[geeks] Upper Memory Limit - Java
Doug McLaren
dougmc at frenzied.us
Wed Jan 30 11:34:08 CST 2008
On Tue, Jan 29, 2008 at 01:56:46PM -0800, Brian Dunbar wrote:
| We have an EDI program (it's new) that blows up when 'many large files'*
| are run through it.
|
| But I'm not here to complain about that. During troubleshooting the
| vendor rep mentioned that Java has an upper memory limit and you can't
| allocate any more memory to it than X.
|
| Indeed we're giving the JVM 3850m of ram on startup
|
| /vendor-dir/bin/java -Xms3850m -Xmx3850m
|
| And it won't start with any more than that.
|
| But .. an upper memory limit on Java?

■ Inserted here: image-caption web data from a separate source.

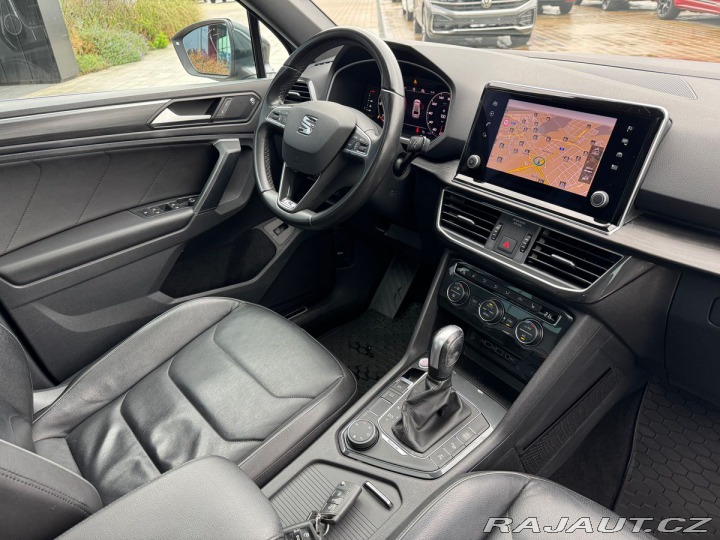 Seat Tarraco Xcellence  7míst  140kW 4 1800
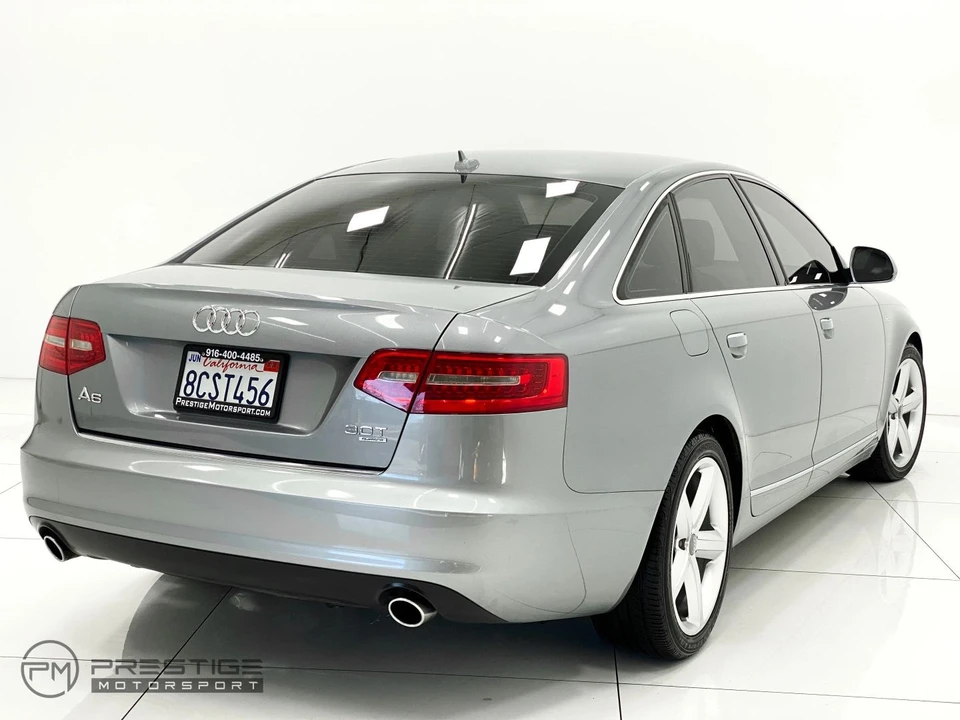2010 Audi C6 A6 - Image 6 of 21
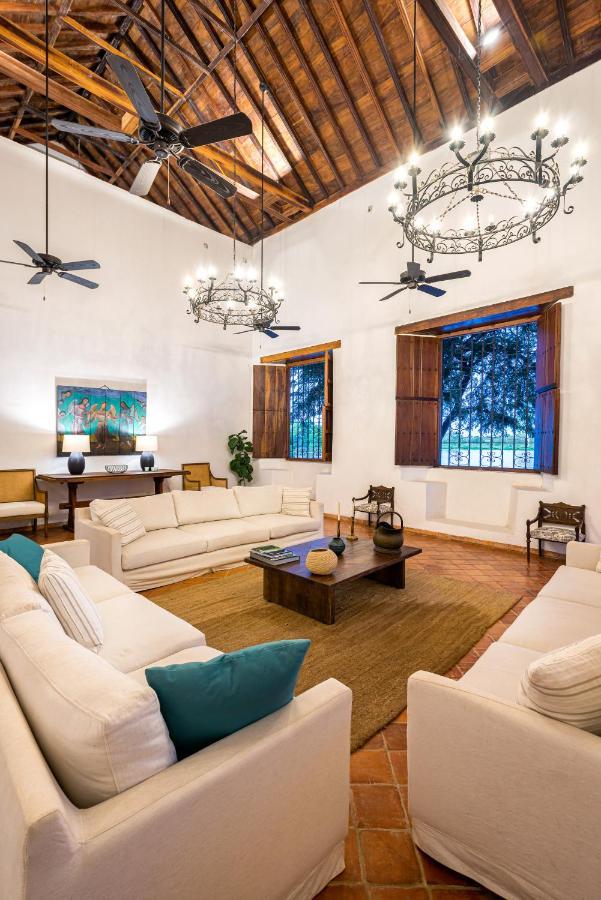 San Rafael Hotel Mompos Luaran gambar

I can believe there is a point past
| where it's simply not wise to allocate ram but .. is she mis-informed?
No, she's not. Though it's generally not about `not being wise' -- it
just breaks.
32 bit JVMs tend to blow up with -Xmx set at 2 GB or higher. Of
course, in general, on a 32 bit platform, no process can allocate more
than 4 GB of memory, and your OS has to jump through some hoops to
even have that much memory available.
For 64 bit JVMs, I don't know. I would expect any hard coded memory
limits to be huge, but I haven't really done much with them.
I'm surprised you can get up to 3850m -- but no higher. Which JVM is
that? What OS, platform?
--
Doug McLaren, dougmc at frenzied.us
If ignorance is bliss, why aren't there more happy people in the world?